Final answer:
To find the joint posterior distribution of Q1 and Q2, use Bayesian inference with the given data and the prior distribution. The median and credible intervals for the prior and posterior distributions are found using the properties of the inverse-gamma distribution.
Step-by-step explanation:
The problem involves determining the joint posterior distribution of Q1 and Q2 for the old and new manufacturing processes, which are modeled as exponential random variables. Given that the prior distribution for Q1 and Q2 is an inverse-gamma distribution with shape 1 and inverse-scale 1/30, we would update the parameters of the prior distribution with the data from the stress tests to get the posterior distribution. Calculating the posterior distribution requires Bayesian inference, which involves using the likelihood function derived from the exponential probability density function and the prior distribution to determine the new shape and scale parameters. Once the posterior distribution parameters are found, you can calculate the median and 95% credible interval from the inverse-gamma distribution's properties.
For prior distributions: An inverse-gamma distribution with shape parameter α and scale parameter β has mean β / (α - 1) for α > 1 and variance β² / [(α - 1)²(α - 2)] for α > 2. Therefore, for a shape of 1 and inverse-scale 1/30, the mean and variance do not exist as these formulas are not defined for α ≤ 1.

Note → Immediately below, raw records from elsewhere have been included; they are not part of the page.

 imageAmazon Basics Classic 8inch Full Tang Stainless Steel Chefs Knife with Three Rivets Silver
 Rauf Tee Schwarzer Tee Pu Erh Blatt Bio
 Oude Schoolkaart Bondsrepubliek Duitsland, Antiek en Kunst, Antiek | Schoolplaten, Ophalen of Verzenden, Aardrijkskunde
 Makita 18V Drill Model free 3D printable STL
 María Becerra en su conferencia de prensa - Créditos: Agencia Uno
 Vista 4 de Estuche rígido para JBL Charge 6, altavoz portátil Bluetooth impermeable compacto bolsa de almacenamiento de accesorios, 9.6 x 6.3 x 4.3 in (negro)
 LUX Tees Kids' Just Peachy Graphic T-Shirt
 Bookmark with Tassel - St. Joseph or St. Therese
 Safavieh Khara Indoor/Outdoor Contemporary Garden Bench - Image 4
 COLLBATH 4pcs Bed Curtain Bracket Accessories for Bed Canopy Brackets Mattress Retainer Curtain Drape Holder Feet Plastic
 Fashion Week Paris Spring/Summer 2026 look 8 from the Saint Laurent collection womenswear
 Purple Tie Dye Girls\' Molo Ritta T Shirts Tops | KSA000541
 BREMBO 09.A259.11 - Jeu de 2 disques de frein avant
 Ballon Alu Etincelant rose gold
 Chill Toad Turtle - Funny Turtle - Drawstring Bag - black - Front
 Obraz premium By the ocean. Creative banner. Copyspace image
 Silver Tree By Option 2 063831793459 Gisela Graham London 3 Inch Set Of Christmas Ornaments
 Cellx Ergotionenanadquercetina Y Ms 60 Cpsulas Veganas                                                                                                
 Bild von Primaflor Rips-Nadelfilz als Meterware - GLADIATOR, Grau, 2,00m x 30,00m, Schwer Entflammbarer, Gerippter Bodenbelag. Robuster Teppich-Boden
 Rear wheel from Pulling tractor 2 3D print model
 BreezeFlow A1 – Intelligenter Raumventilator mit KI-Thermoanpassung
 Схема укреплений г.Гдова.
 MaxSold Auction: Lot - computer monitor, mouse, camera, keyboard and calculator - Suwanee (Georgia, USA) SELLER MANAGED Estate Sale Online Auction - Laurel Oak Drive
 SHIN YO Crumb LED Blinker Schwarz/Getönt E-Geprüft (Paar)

For posterior distributions: After updating the prior with the data, the shape parameter α' becomes α + n (the number of observations), and the scale parameter β' becomes β + Σx (the sum of the observed failure times). The median of the inverse-gamma distribution can be found using statistical software, as it involves inverting the cumulative distribution function, and credible intervals could be found similarly or by using a formula specific to the inverse-gamma distribution.